Each time a line of the listing holds "Cover", copy that line.

**MATERIAL PROVIDED:**
━━━━━━━━━━━━━━━━━━━━━━━━━━━━━━

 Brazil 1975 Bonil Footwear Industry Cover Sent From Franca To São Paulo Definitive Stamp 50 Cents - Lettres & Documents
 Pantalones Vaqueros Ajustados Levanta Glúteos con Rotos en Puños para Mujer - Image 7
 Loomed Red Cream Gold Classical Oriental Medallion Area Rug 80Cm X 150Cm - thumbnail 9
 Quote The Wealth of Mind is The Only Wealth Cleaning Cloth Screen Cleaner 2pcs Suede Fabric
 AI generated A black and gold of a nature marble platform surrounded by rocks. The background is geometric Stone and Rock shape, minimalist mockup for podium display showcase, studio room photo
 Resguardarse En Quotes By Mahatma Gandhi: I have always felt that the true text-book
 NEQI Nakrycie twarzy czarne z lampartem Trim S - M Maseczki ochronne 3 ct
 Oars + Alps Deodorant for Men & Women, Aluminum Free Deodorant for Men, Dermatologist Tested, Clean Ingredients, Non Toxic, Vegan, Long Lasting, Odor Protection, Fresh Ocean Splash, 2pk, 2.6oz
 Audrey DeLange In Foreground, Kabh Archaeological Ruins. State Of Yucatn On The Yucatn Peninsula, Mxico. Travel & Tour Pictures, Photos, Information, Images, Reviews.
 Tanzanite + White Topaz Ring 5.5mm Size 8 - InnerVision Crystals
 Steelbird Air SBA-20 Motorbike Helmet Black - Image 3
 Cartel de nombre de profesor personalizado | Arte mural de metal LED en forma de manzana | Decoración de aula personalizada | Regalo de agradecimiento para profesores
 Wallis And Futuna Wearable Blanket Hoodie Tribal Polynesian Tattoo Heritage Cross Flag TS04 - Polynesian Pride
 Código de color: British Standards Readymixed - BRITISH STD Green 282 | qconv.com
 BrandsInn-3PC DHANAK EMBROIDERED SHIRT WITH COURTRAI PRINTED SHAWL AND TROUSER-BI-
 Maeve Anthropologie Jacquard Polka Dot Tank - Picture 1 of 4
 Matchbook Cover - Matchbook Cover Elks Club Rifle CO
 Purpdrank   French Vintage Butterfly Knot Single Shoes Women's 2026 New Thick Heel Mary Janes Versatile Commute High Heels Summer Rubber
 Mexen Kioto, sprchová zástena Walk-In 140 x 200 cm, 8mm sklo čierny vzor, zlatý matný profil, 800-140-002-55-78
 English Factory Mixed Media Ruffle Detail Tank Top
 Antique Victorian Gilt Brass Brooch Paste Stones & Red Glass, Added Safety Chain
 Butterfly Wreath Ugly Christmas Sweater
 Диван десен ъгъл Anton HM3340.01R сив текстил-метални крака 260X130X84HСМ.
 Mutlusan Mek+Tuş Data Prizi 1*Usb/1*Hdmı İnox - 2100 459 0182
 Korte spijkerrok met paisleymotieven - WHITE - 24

━━━━━━━━━━━━━━━━━━━━━━━━━━━━━━

**EXERCISE RESPONSE:**
 Brazil 1975 Bonil Footwear Industry Cover Sent From Franca To São Paulo Definitive Stamp 50 Cents - Lettres & Documents
 Matchbook Cover - Matchbook Cover Elks Club Rifle CO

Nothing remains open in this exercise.